Brief descriptive captions —
*****

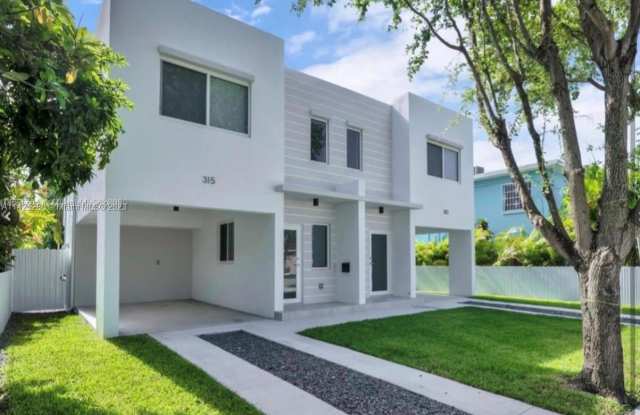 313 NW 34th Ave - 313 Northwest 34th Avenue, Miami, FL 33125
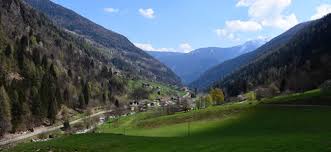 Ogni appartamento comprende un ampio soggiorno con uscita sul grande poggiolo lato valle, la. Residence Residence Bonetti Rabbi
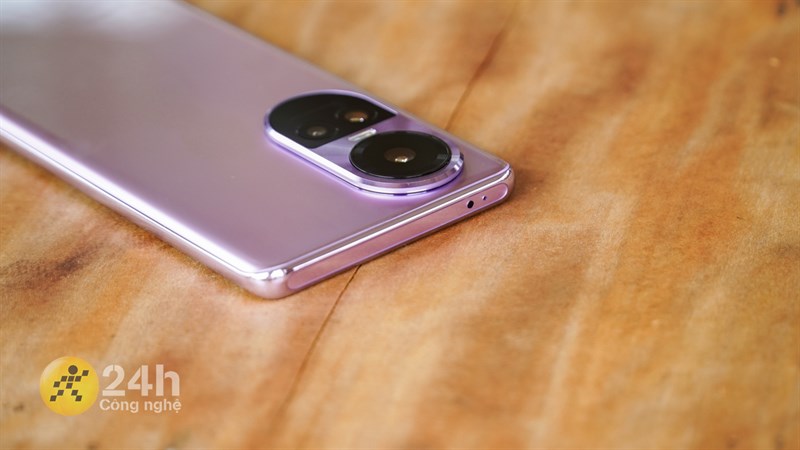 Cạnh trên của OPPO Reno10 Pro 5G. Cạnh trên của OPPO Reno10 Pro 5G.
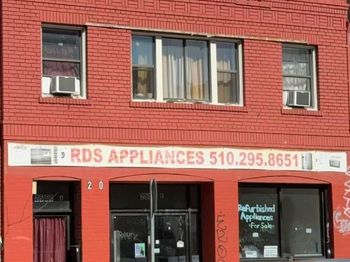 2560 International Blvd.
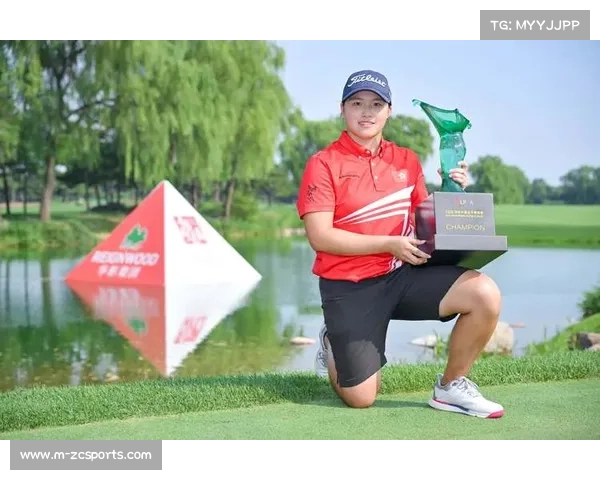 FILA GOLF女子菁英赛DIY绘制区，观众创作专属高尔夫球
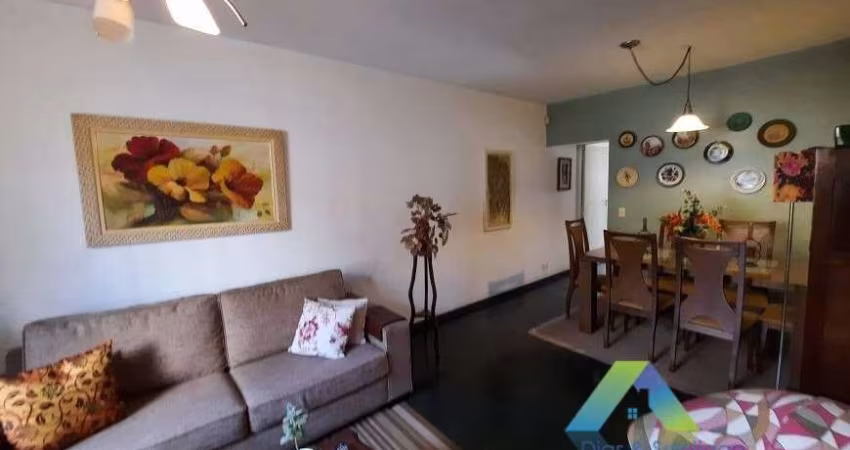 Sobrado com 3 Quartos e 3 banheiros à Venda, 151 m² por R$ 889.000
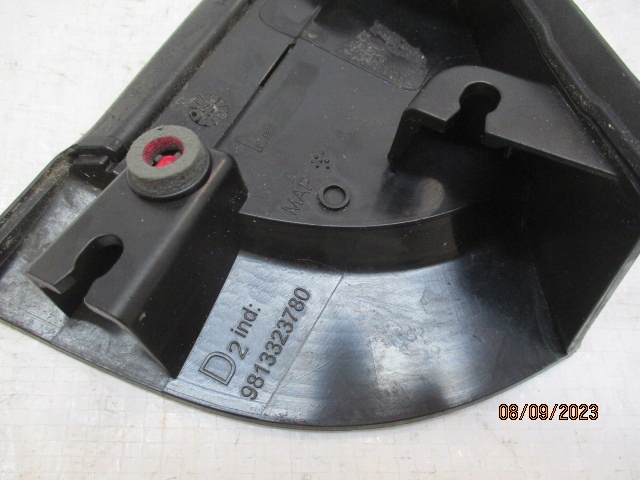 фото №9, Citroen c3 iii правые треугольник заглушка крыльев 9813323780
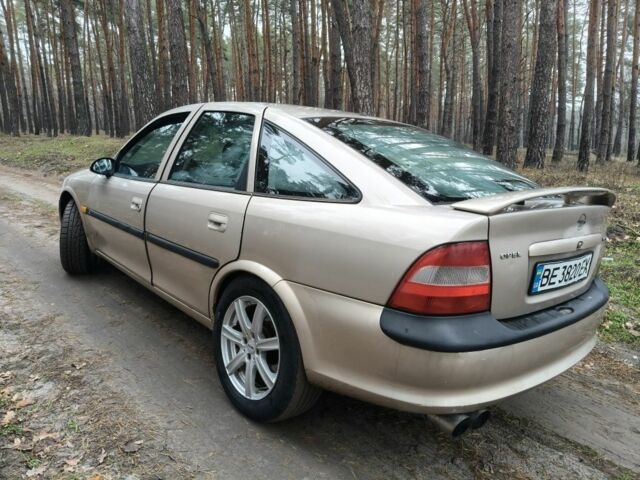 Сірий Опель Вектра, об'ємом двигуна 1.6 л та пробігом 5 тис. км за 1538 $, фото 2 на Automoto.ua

*****

TASK DETAILS —
Please copy the entries in full. Leave each image out.

THE ANSWER —
 313 NW 34th Ave - 313 Northwest 34th Avenue, Miami, FL 33125
 Ogni appartamento comprende un ampio soggiorno con uscita sul grande poggiolo lato valle, la. Residence Residence Bonetti Rabbi
 Cạnh trên của OPPO Reno10 Pro 5G. Cạnh trên của OPPO Reno10 Pro 5G.
 2560 International Blvd.
 FILA GOLF女子菁英赛DIY绘制区，观众创作专属高尔夫球
 Sobrado com 3 Quartos e 3 banheiros à Venda, 151 m² por R$ 889.000
 фото №9, Citroen c3 iii правые треугольник заглушка крыльев 9813323780
 Сірий Опель Вектра, об'ємом двигуна 1.6 л та пробігом 5 тис. км за 1538 $, фото 2 на Automoto.ua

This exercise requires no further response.